For most of SPICE’s 30-plus-year history, passive components — and non-linear resistors in particular — have been the simulation blind spot of circuit design. Vishay Intertechnology has spent more than a decade systematically closing that gap for NTC thermistors, PTC inrush current limiters, voltage-dependent resistors (VDRs), and now polymeric PTC (PPTC) resettable fuses.

Why Non-Linear Resistors Have Been Hard to Simulate

Unlike semiconductor vendors, passive component manufacturers have historically published only static datasheets rather than SPICE models. The underlying assumption has been that engineers would rely on conservative derating rules and safety margins — confirming performance only on physical prototypes. For components whose resistance changes non-linearly with temperature, voltage, or current (such as NTC thermistors, ceramic PTCs, VDRs, and resettable PPTC fuses), this limitation is meaningful: the interactions between thermal mass, tolerance stack-up, self-heating, and ambient conditions are difficult to reason about analytically and time-consuming to sweep manually.

Mike Engelhardt, the original author of LTspice and developer of the newer QSPICE tool, has noted that SPICE simulation is primarily valuable for developing designer intuition rather than verifying final performance — a point equally valid for passive component models. Good models must capture thermal effects and manufacturing tolerances to be genuinely useful, not just reproduce a nominal resistance curve.

The Vishay NLR Simulation Toolkit

Starting in 2014, Vishay has progressively built what it calls its Electronic Simulation Toolkit for Non-Linear Resistors — a freely available collection of models, application circuits, and reference documents. The central reference document (Vishay document 29235) covers the full scope: how to build a Berkeley NTC SPICE model from scratch when a ready-made file is not available, how to use temperature as an external voltage source to drive the thermistor in a dynamic simulation, and how to model the thermal inertia of the surrounding medium with an R-C network.

The toolkit spans multiple simulation platforms: LTspice (now offered by Analog Devices), Simetrix, Multisim, PartQuest Explore, and the more recently supported QSPICE from Qorvo. Each platform receives adapted model files, since SPICE syntax and parametric sweep capabilities differ between tools.

Covered application areas include:

A companion webinar series — Vishay Thermistors Electronic Simulation — provides three recorded sessions: the first demonstrates live application circuits; the second focuses on QSPICE-based workflows; and the third covers integration with MATLAB Simulink/Simscape for multi-domain physical system simulation.

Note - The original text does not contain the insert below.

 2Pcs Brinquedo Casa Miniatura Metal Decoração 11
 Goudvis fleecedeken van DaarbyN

NTC Thermistor Models: Key Capabilities

The classical SPICE model of an NTC thermistor uses SPICE’s built-in TEMP variable to sweep ambient temperature — useful for examining the general static response of a sensor divider or temperature compensation network. Vishay has extended this significantly in two directions.

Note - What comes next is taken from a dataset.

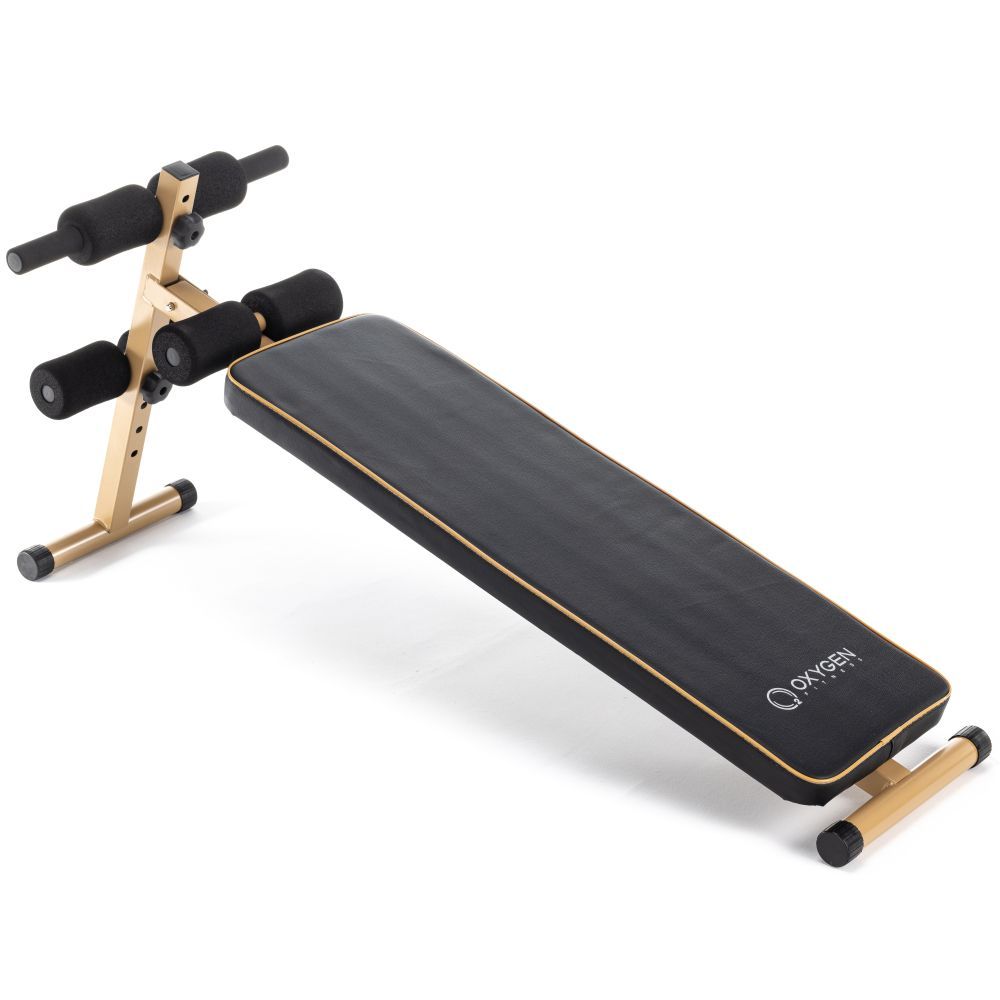 Фото Скамья для пресса прямая домашняя OXYGEN FITNESS MORAN
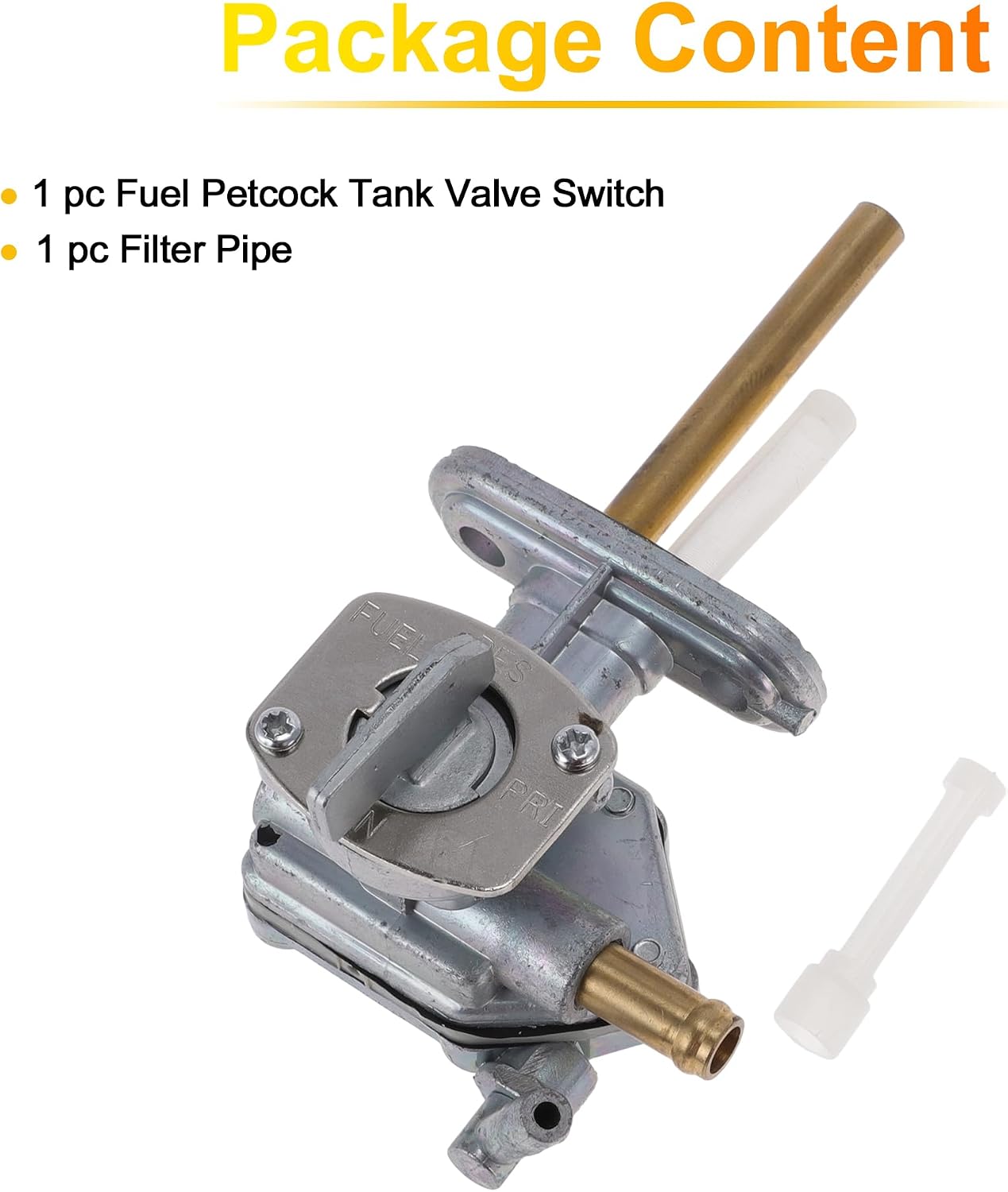 No.44300-15D31/44300-15D30 ATV Fuel Valve Petcock Gas Tank Switch for Suzuki DR250SE 1990-1995 Fuel Gas Petcock Valve Tank Switch Pump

Voltage-driven temperature input

A third virtual pin on the model accepts an externally generated voltage representing temperature. This allows the NTC’s input temperature to be produced by the circuit itself — for example by integrating heat from nearby power dissipation — and fed back via an R-C network representing the thermal time constant of the surrounding medium. The same fundamental circuit has been validated across six different electronic simulators, with syntax adapted for each.

Tolerance and self-heating integration

Vishay’s models include manufacturing tolerance parameters (for example, ±5% on R25 and ±1% on the B-constant) which can be swept in a Monte Carlo analysis. Self-heating — the temperature rise caused by measurement current — is included in the model formulation. A practical example uses a Vishay NTCLE350 thermistor (PEEK-insulated, leaded, 30 kΩ ±1%) in an oil temperature sensing application from +50°C to +185°C, simulated in LTspice with a Steinhart–Hart coefficient set extracted from the NTCLE317E4103SBA datasheet.

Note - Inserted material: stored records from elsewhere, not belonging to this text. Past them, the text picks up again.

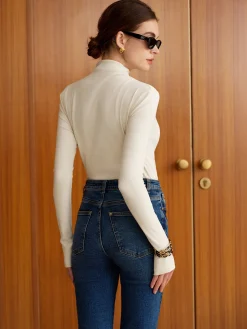 COMMENSE T-shirts|Tops^Plain Warm Jersey Top Off-White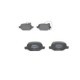 Set placute frana spate BOSCH pentru ALFA ROMEO MITO 0.9-1.6D 08.08-10.18, inaltime 43.8 mm, latime 95.8 mm, grosime 17.1 mm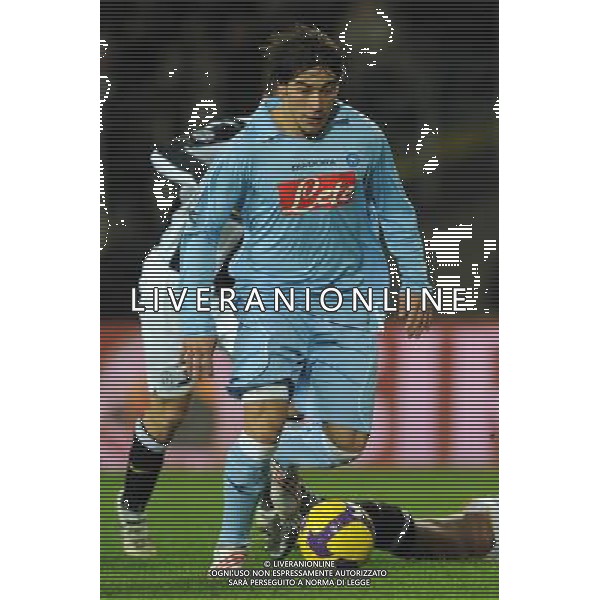 4-2-2009 Torino Sport Calcio Juventus Napoli Coppa Italia Tim 2008/2009 Nella foto: ezequiel Lavezzi ph.Viganti/AG.ALDO LIVERANI SAS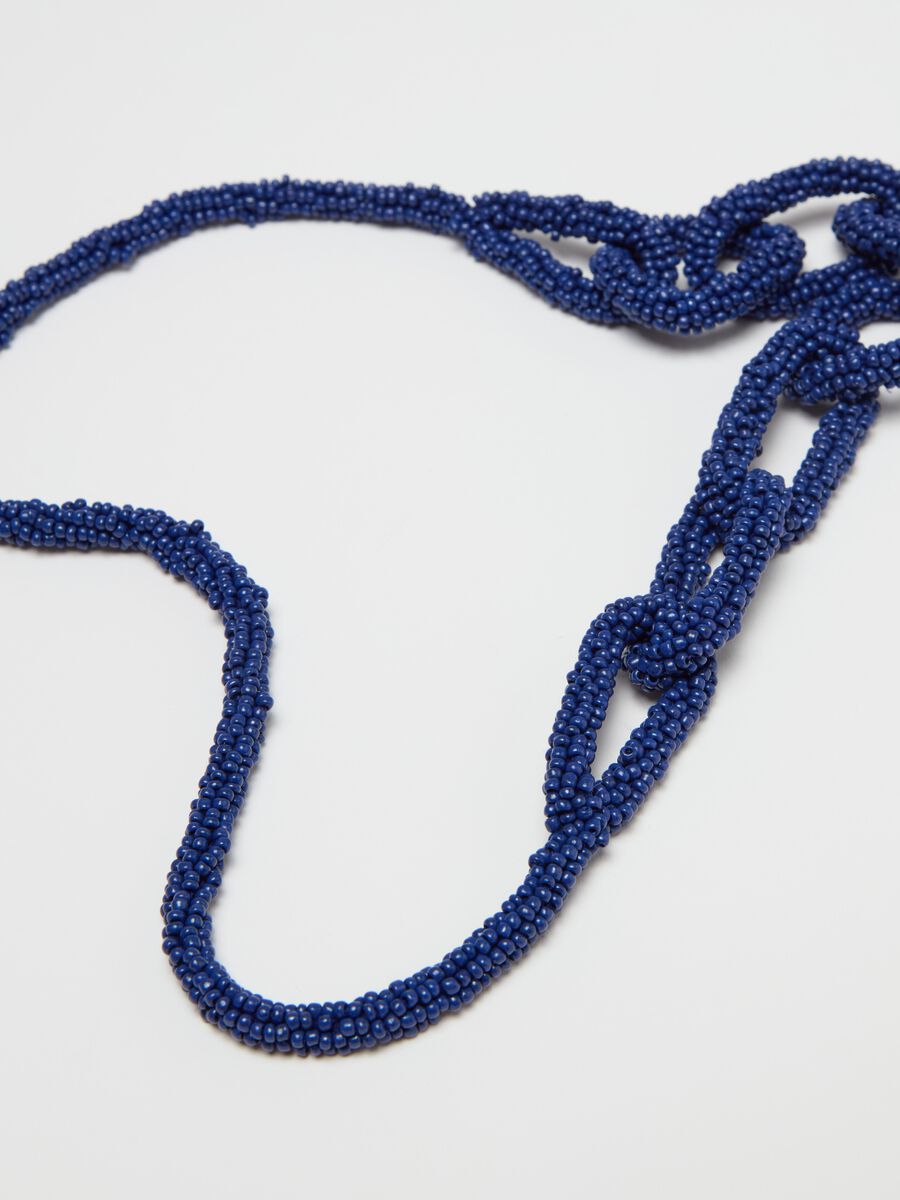Chain necklace with beads_1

PTC and NTC Inrush Current Limiters in Simulation

The integration of Ametherm — a specialist NTC inrush current limiter brand — into Vishay expanded the simulation toolkit into high-current power applications. NTC inrush current limiters are thermally self-resetting devices placed in series with the AC input of power converters: at startup they present a high impedance that limits the peak inrush current, then warm up during normal operation to a low steady-state resistance. The applications now covered by Vishay’s QSPICE models include:

The application note (Vishay document 24291) demonstrates how to build a QSPICE behavioural model of a Vishay Ametherm inrush current limiter, extract thermal parameters from the datasheet, and validate simulation results against the published characteristic curves. For ceramic PTC inrush limiters, sections 4.1 and 4.2 of document 29235 address PTCEL-series networks in automotive precharge circuits, including derating as a function of variable ambient temperatures.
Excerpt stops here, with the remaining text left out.